Así, tal cual, y en compañía de medias lunas finas de cebolla roja, sería ya una delicia a medio camino entre un cebiche y un escabeche. Pero un salpicón admite más cosas, según gustos e imaginación de cada cual. Patata cocida, desde luego; hortalizas como zanahoria y guisantes, en plan cromático; ruedas de huevo cocido, en el mismo plan; y, por supuesto, lo que nosotros llamamos “vinagrillos”, esto es, diversos encurtidos, desde aceitunas a cebollitas, pepinillos... Nosotros teníamos en casa unos pepinos enanos, deliciosamente dulces, que, en rodajitas, pasaron a integrarse en nuestro salpicón.

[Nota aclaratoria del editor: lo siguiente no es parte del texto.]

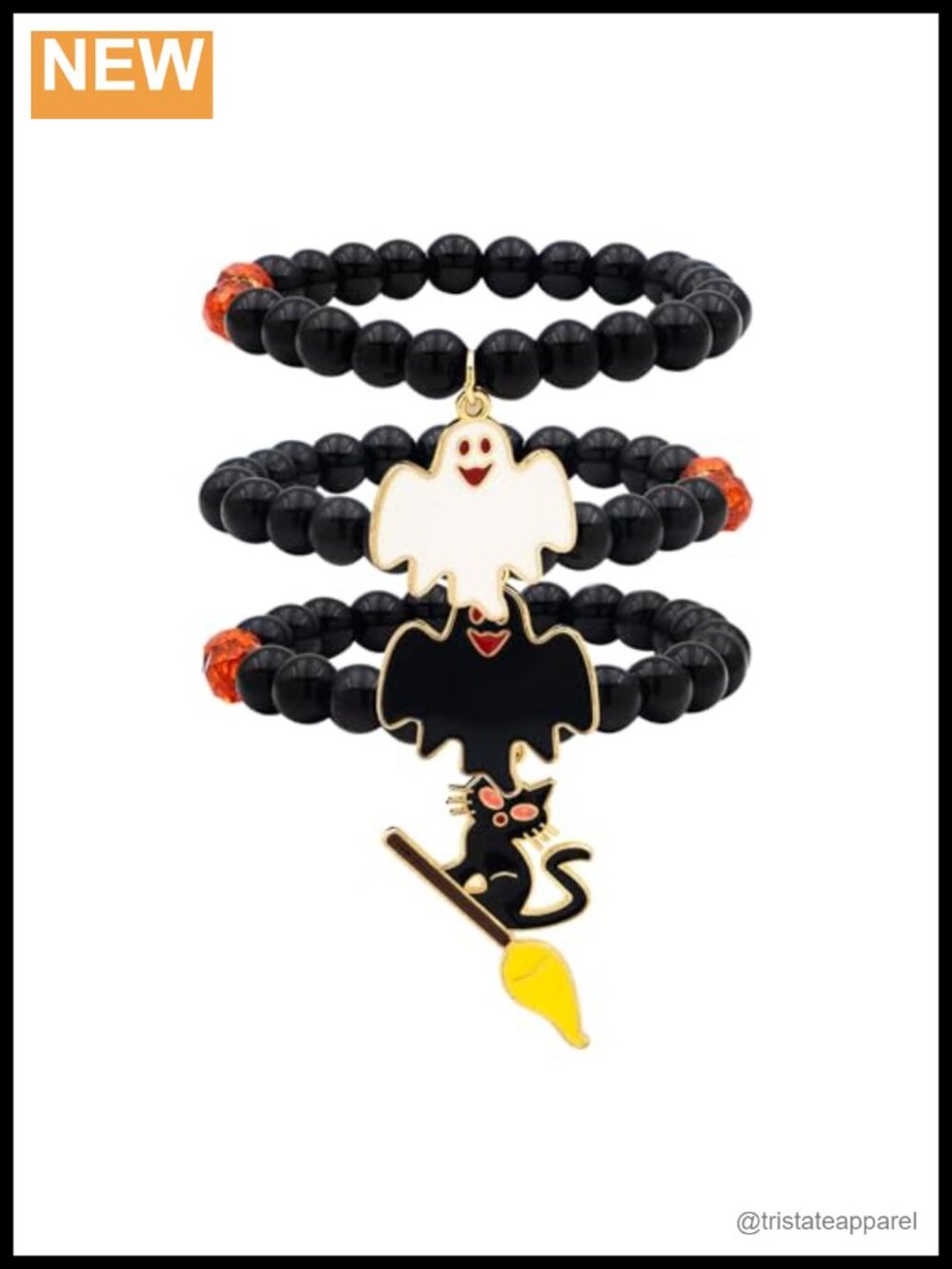 Halloween Stretch Beaded Charm Bracelet Zinc Alloy Protein Stone Women Party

Mezclado, que no confundido, todo lo que ustedes pongan en su versión, habrá que volver a aliñar. Y no olviden que el aliño es el alma de un salpicón, la clave, lo que diferencia una delicia de una mediocridad.

aderezos Aceite virgen de oliva. Ya, pero ¿cuál? A su gusto, que es el que manda. A un paladar acostumbrado a la potencia de un picual le parecerá soso uno de arbequina, y el hecho a la dulzura de éste encontrará agresivo el primero. Prueben, y quédense con el que mejor les vaya, a ustedes y a su salpicón.

Vinagre. Naturalmente, el mejor que encuentren. Y el mejor que encuentren va a ser, claro, un vinagre viejo de Jerez, el mejor vinagre del planeta, aunque ahora se vea desplazado por los sucedáneos (baratos) de vinagre de Módena que circulan por ahí. Un vinagre de Jerez de, al menos, un cuarto de siglo. O un “gran reserva”. Marcan la diferencia, y no se necesita más que un poquito, un chorrito: su aroma, su fresca acidez, son inigualables.

Sería una pena que invirtiesen ustedes en una buena materia prima para hacerla protagonista de su salpicón y racaneasen después con lo que de verdad le da carácter y categoría: el aliño. Hágannos caso: el aceite, siempre virgen extra, de la variedad de oliva que más se ajuste al efecto buscado y a su propio paladar.

Y el vinagre, de Jerez, la joya de la corona; una nariz entrenada detectará recuerdos del vino del que procede, y una nariz sin esa formación notará, sin la menor duda, un aroma profundo, delicado, de una elegancia suprema. Ése, y no otro, es el vinagre que dará cachet a su salpicón.

No me cansaré jamás de repetir el principio básico de la cocina: no hay buenos platos con malos ingredientes. Y me refiero a todos los ingredientes, desde el bonito hasta el aceite, el vinagre y, también, la sal. Ah: y la compañía líquida. Prueben uno de los nuevos y muy pálidos rosados, servido bien fresco, una excelente y veraniega compañía, además de ser bonito, como el protagonista del salpicón.